Big Data Digest and Baidu NLP jointly produced
Compiled by: Andy Proofread by: Baidu NLP, Long Xincheng
Original Author: Jesse Vig
Some intuitive patterns emerge in BERT’s intricate attention networks.
2018 was a turning point in the field of natural language processing, with a series of deep learning models achieving the best results on various NLP tasks such as intelligent Q&A and sentiment classification. In particular, Google’s BERT has become a “one-for-ten model,” achieving excellent performance across various tasks.
BERT is primarily based on two core concepts, both of which incorporate the latest advances in NLP: (1) Transformer architecture (2) Unsupervised learning pre-training.
The Transformer is a sequence model that discards the sequential structure of RNNs in favor of a fully attention-based approach. This is detailed in the classic paper “Attention Is All You Need.”
BERT also undergoes pre-training. Its weights are learned through two unsupervised tasks: the masked language model (MLM) and next sentence prediction.
Therefore, for each new task, BERT does not need to be trained from scratch. Instead, it can simply fine-tune the pre-trained weights. For more detailed information about BERT, please refer to “The Illustrated BERT” (previous translation link from Big Data Digest).
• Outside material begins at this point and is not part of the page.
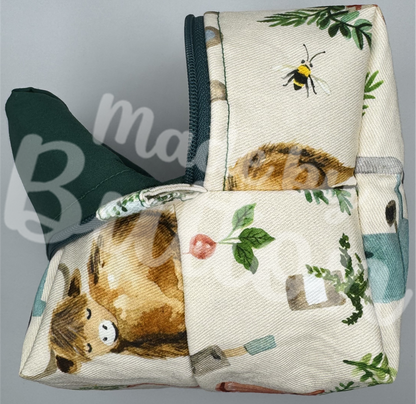"Peaceful Farming" Boxy Pouch
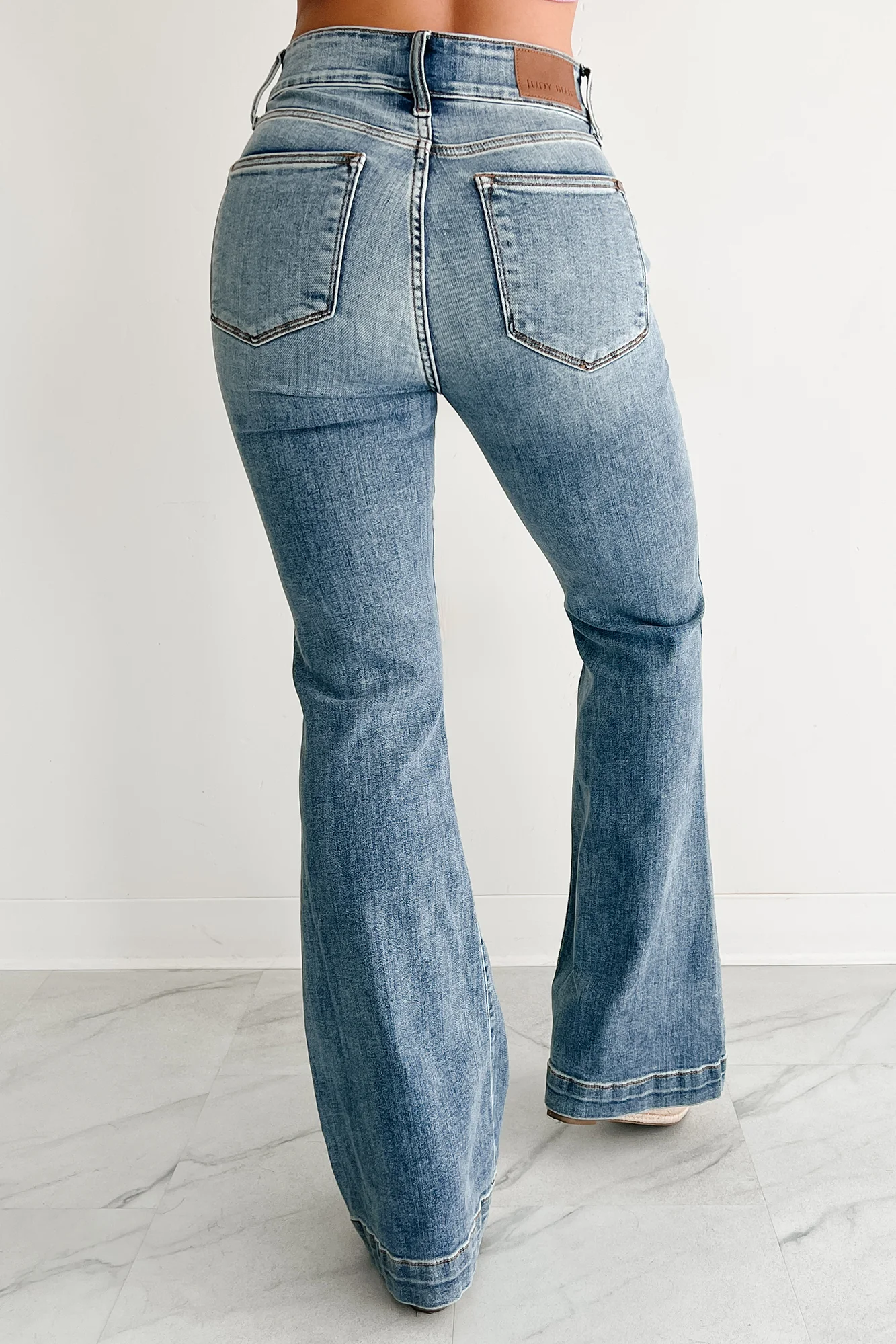Mae High Rise Judy Blue Flare Jeans (Medium) - Image 7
BERT is a Multi-Headed Monster
BERT does not use a flat attention mechanism like traditional attention models. Instead, BERT employs multi-layer attention (12 or 24 layers, depending on the model), with multiple (12 or 16) attention “heads” in each layer. Since the model weights are not shared between layers, a single BERT model can effectively contain up to 24 x 16 = 384 different attention mechanisms.
Visualizing BERT
Due to BERT’s complexity, it is challenging to intuitively understand the meaning of its internal weights. Generally speaking, deep learning models are also criticized for being black boxes. Therefore, various visualization tools have been developed to aid understanding.
However, I could not find a tool that could explain BERT’s attention patterns to tell us what it is actually learning. Fortunately, Tensor2Tensor has a great tool for visualizing attention patterns in Transformer models. I modified it for use with a PyTorch version of BERT. The modified interface is shown below. You can run it directly in this Colab notebook (https://colab.research.google.com/drive/1vlOJ1lhdujVjfH857hvYKIdKPTD9Kid8) or find the source code on GitHub (https://github.com/jessevig/bertviz).
This tool visualizes attention as different connections that link updated positions (left) with attended positions (right). Different colors represent the corresponding attention heads, while the darkness of the line color indicates the strength of attention. At the top of this small tool, users can select which layer of the model to observe and which attention head to view (by clicking on the colored blocks at the top, which represent the 12 heads).
What Does BERT Actually Learn?
I used this tool to explore the attention patterns of the pre-trained BERT model across various layers and heads (using the uncased version of the BERT-Base model). I also tried different input sentences, but for demonstration purposes, I will use the following example sentences:
Sentence A: I went to the store.
Sentence B: At the store, I bought fresh strawberries.
BERT uses the WordPiece tool for tokenization and inserts special delimiters ([CLS] to separate samples and [SEP] to separate different sentences within a sample), so the actual input sequence is: [CLS] i went to the store . [SEP] at the store , i bought fresh straw ##berries . [SEP]
In my exploration, I discovered several particularly striking attention patterns. Below are the six key patterns I identified, along with visualizations of the specific layers and heads that produce each pattern.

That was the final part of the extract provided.